** Information given follows **
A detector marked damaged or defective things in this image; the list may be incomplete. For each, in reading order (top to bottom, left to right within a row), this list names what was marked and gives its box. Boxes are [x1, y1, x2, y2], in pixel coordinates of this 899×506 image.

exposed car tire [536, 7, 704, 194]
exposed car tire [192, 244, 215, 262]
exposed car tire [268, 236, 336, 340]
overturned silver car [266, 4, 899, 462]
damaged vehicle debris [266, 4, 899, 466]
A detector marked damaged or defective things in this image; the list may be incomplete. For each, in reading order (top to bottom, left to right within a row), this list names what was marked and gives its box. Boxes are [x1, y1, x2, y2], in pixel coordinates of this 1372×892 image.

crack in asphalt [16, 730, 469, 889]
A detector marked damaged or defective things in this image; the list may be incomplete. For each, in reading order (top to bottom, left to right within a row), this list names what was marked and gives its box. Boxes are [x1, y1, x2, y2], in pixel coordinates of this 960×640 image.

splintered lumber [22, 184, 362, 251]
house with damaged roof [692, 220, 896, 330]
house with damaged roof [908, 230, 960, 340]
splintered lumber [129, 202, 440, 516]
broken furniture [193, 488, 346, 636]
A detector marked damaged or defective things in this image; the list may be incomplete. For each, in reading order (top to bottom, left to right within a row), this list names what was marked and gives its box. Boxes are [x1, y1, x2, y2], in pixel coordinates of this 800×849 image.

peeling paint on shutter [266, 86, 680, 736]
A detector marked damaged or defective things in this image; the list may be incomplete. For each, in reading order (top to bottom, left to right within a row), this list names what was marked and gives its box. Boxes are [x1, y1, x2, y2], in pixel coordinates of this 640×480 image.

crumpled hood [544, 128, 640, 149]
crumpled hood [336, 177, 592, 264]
** End of Information given **
From the line holding "this 960×640 image." through the last line above, reproduce each line exactly and add nothing.

→ Output of the task:
A detector marked damaged or defective things in this image; the list may be incomplete. For each, in reading order (top to bottom, left to right within a row), this list names what was marked and gives its box. Boxes are [x1, y1, x2, y2], in pixel coordinates of this 960×640 image.

splintered lumber [22, 184, 362, 251]
house with damaged roof [692, 220, 896, 330]
house with damaged roof [908, 230, 960, 340]
splintered lumber [129, 202, 440, 516]
broken furniture [193, 488, 346, 636]
A detector marked damaged or defective things in this image; the list may be incomplete. For each, in reading order (top to bottom, left to right within a row), this list names what was marked and gives its box. Boxes are [x1, y1, x2, y2], in pixel coordinates of this 800×849 image.

peeling paint on shutter [266, 86, 680, 736]
A detector marked damaged or defective things in this image; the list may be incomplete. For each, in reading order (top to bottom, left to right within a row), this list names what was marked and gives its box. Boxes are [x1, y1, x2, y2], in pixel coordinates of this 640×480 image.

crumpled hood [544, 128, 640, 149]
crumpled hood [336, 177, 592, 264]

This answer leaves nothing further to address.